• [Exercise aim]: Given the records underneath, please repeat exactly the lines from the line with "Disc frana 1" through the line with "1bdrm Apartment in Westlands for rent", passing over any picture.

• [Records to process]:
——

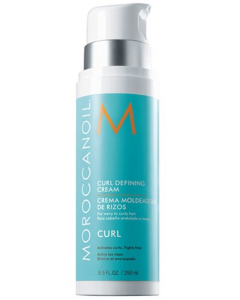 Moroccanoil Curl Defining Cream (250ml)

——

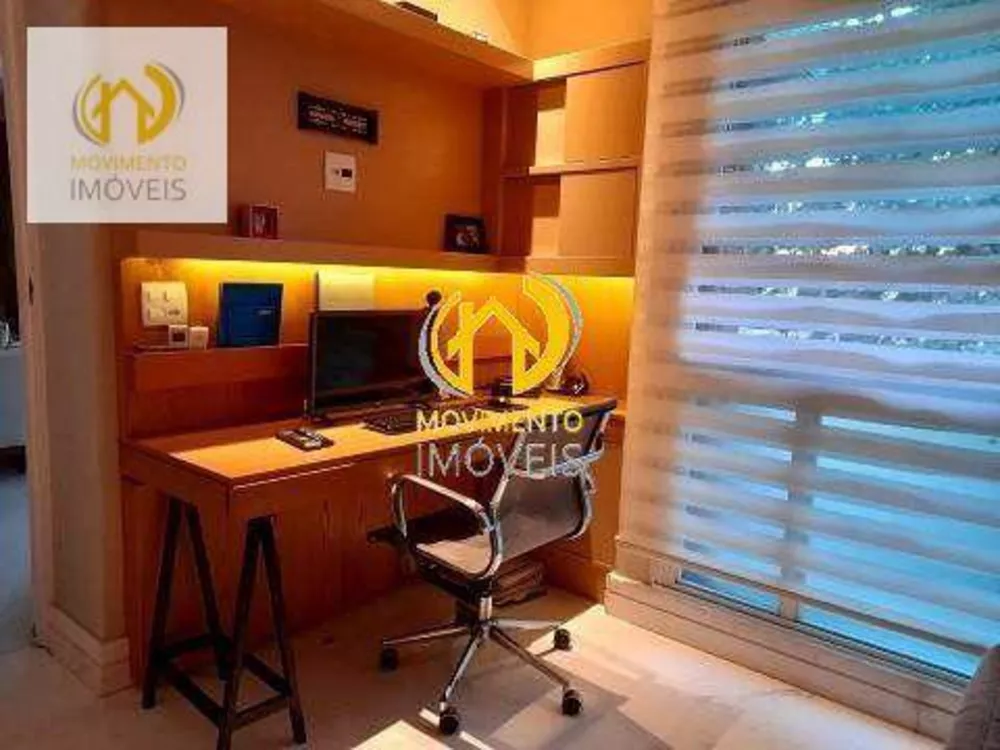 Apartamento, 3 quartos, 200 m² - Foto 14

——

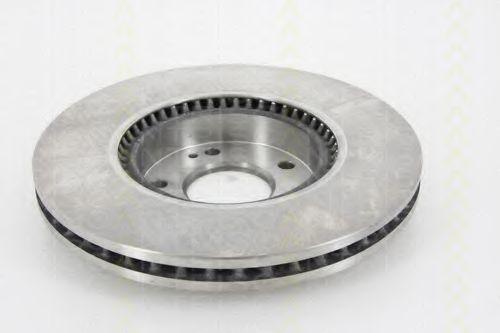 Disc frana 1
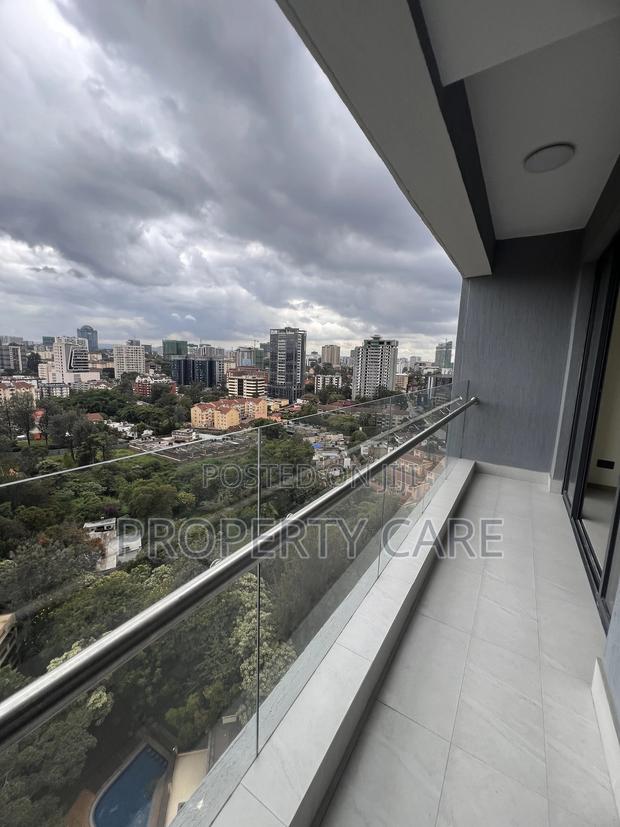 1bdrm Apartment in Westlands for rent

——

• [Worked solution]:
 Disc frana 1
 1bdrm Apartment in Westlands for rent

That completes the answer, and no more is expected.